Primerica will pay dollars 550m in cash for the stake in the struggling property-casualty group and will give Travelers a 50 per cent stake in its own small property-casualty insurer, Gulf Insurance.

Primerica's chairman, Sandy Weill, a Wall Street veteran with an impressive takeover record, will take a major role in re-organising Travelers.

Travelers - which also announced plans to make 3,500 employees redundant - was one of the many American insurers which invested heavily in property during the 1980s to improve yields for policyholders and now finds almost a third of its dollars 15bn portfolio experiencing trouble.

Travelers has also suffered a surge in claims as a result of Hurricane Andrew and will take a charge of between dollars 175m and dollars 225m against its third quarter earnings.

But Mr Weill, whose group also includes a consumer finance subsidiary and a term insurance group, said yesterday that he believed the five-year downturn in the commercial property-casualty business in the US was 'very close to a turning point'.

The deal received a warm welcome from most Wall Street analysts, several of whom had been worried about Travelers' ability to maintain its dividends.

'From Travelers' standpoint it's the best thing in the world,' said Gordon Luce, an analyst at Brown Brothers Harriman.

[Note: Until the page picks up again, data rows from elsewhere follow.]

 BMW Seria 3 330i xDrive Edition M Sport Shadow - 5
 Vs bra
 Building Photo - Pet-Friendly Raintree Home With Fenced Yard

'They get a smart manager to help them out with a problem. This gives them more capital and keeps the rating agencies away from their door.'

Another analyst added: 'For Primerica, it seems to me at first glance that the only way to make a lot of money from the investment is if the property market or property-casualty turns around.'

News of the deal lifted Travelers' shares to dollars 20.50, up dollars 3, in afternoon trading. Primerica slipped 37.5 cents to dollars 40.50.